Textual Scholarship

The core course of the Masters in Research provides students with the skills necessary for scholarly archival research. In the first semester students are introduced to manuscript materials. They learn how to access these documents and how to read, transcribe and interpret them. In the second semester the focus shifts from manuscript archives to the early modern printed book. Students learn how to use research libraries, construct scholarly bibliographies and footnotes, analyse and describe early modern books and finally obtain the skills involved in the critical editing of printed texts. Fieldtrips are a crucial component of this course. Details will be circulated when they have been confirmed, but these will normally take place on Fridays from 2-4 pm. In previous years, fieldtrips have included visits to the British Library's Rare Books, Manuscripts and Maps departments; the National Archives; St Paul's Cathedral Library; the National Portrait Gallery; St Paul's Cathedral, and the St Bride's Printing Library.
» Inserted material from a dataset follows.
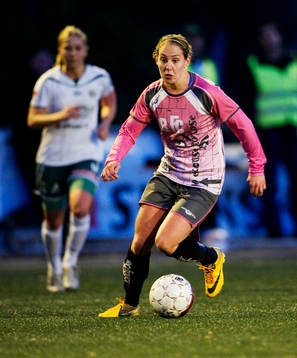 Manon Melis, LdB Malmö, kontrollerar bollen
The course culminates with a field trip to the Netherlands in the Spring Break: the Bibliotheca Thysiana and Museum Boerhaave in Leiden, and the Plantin Moretus Museum in Antwerp.

Reading:

  • D.C. Greetham, Textual Scholarship: An Introduction (New York and London: Garland, 1994)
  • Philip Gaskell, A New Introduction to Bibliography (Oxford: Oxford University Press, 1984)
  • Adrian Johns, The Nature of the Book (University of Chicago Press, 1998)
  • The Cambridge History of the Book in Britain Vol. IV ed by John Barnard, D. F. McKenzie and Maureen Bell (Cambridge: Cambridge University Press, 2002)

The course is assessed by examinations in Palaeography and Textual
Bibliography at the end of the first and second semesters respectively, and by a
manuscript project to be submitted in the week beginning 11 January and an
editing project to be submitted in the week beginning 4 May.